I am having the similar issue i.e. how to delete the particular document from namespace through an API.
Here is the scenario:
I am upserting multiple documents in Pinecone vector db through Langchain/flowise. Each document is converted into multiple chunks/records and then upserts in a namspace. Now deleting a particular document means deleting all the relevant chunks/records associated with that document from the namespace.
If the index is Serverless, then the only way to delete the data from the namespace is by Vector ID. In my application, Vector IDs are assigned randomly by Langchain/flowise and seemingly, there is no API in pinecone to get the IDs list of a particular document. Though one can get the list of all IDs in the namespace but there is no way to identify which IDs belong to which document.
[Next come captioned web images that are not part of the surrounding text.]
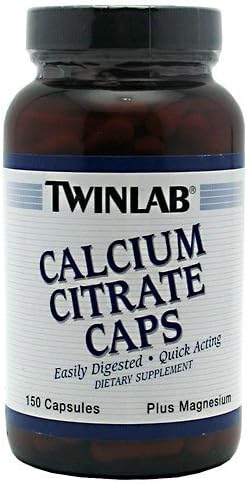 TWINLAB CALCIUM CITRATE+MAGNESIUM, 150 CAP by Twinlabs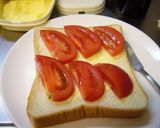 くせになる★トマトマヨトースト作り方1写真
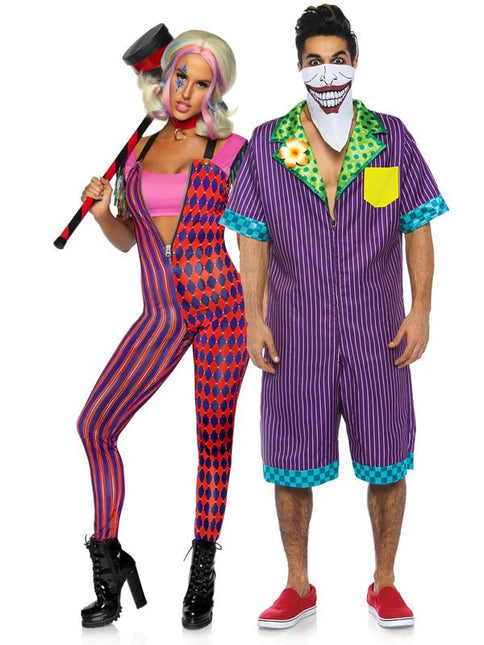 Harley Quinn Jumpsuit Dames Leg Avenue - Partywinkel - 714718551913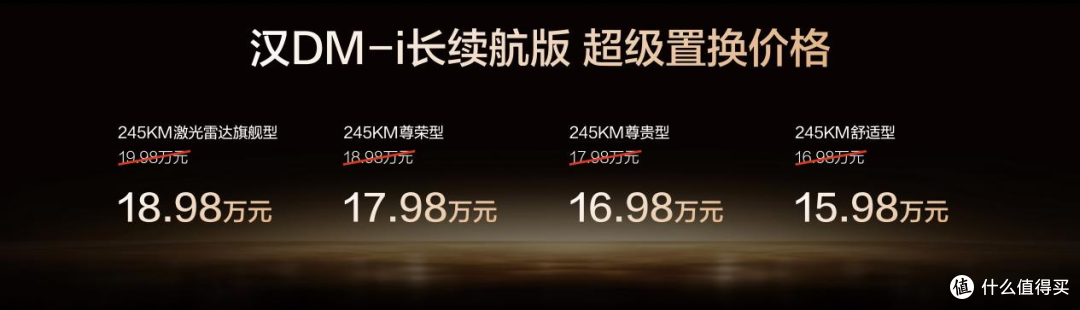 合资B级车紧张了!比亚迪汉长续航版上市,置换补贴后15.98万元起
One way to delete the records is through metadata (assuming metadata, unique to a document, is assigned to chunks/records), but this is not supported for Serverless indexes.
Will appreciate if anyone can propose a possible solution.
The issue I am facing is, how to identify the Doc ID? There are several documents in the namespace in form of chunks. To delete a particular document through ID, one need to know the IDs of all the chunks associated with a particular document. Since I am using Flowise to upsert the document to Pinecone, it is generating random ID for each chunk.
My question is how to determine the chunk IDs associated with a particular document? There exists an API that return list of IDs in a namespace but that is for all the documents.
Yes, I’m also upserting documents using Flowise via API.
A solution could be to use “metadata” to upsert (maybe sending there a unique ID) and then using that to delete all the chunks with that “metadata-id”?
I wrote Henry (from Flowise) and he told me that we could do the upsert and delete directly to the document store. Meaning:
Upsert a new PDF = Creates a new document store.
Delete PDF = Deltes the entire document store.
He’s going to implement a simple way to create new document stores with their document-loaders for the next release.